# Supplied data
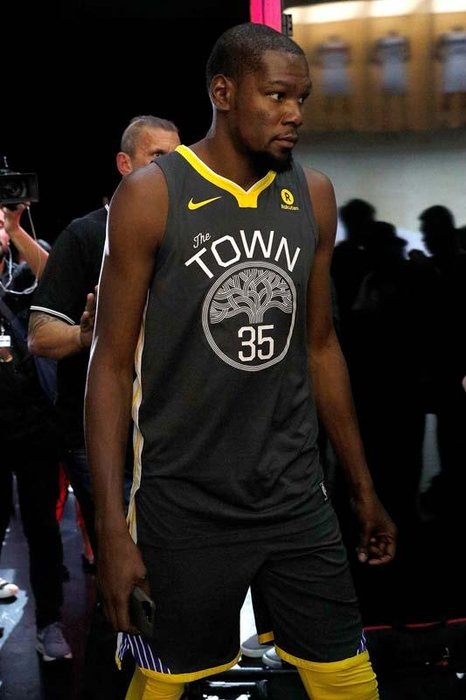 Nike and NBA just introduced a smart jersey
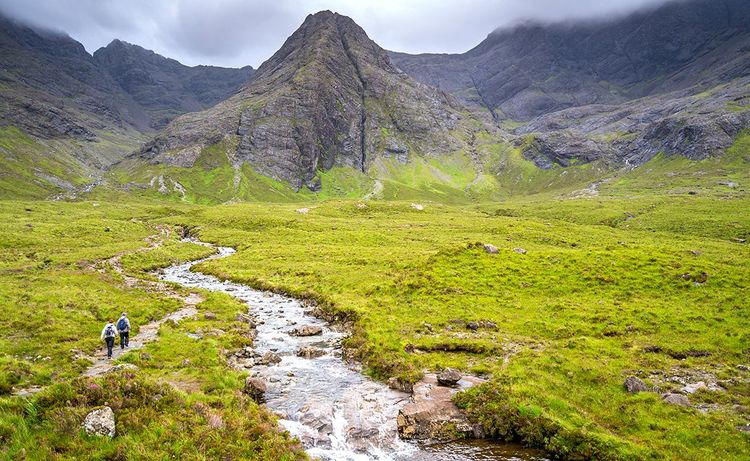 Sentier menant aux Fairy Pools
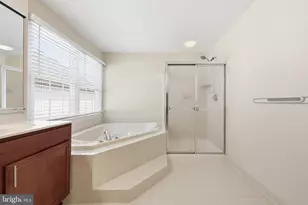 25948 Donovan Dr, Chantilly, VA 20152 - Photo 35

# To do
Nothing but the pictures should be left out when the listing above is transcribed.

# Answer to the exercise
 Nike and NBA just introduced a smart jersey
 Sentier menant aux Fairy Pools
 25948 Donovan Dr, Chantilly, VA 20152 - Photo 35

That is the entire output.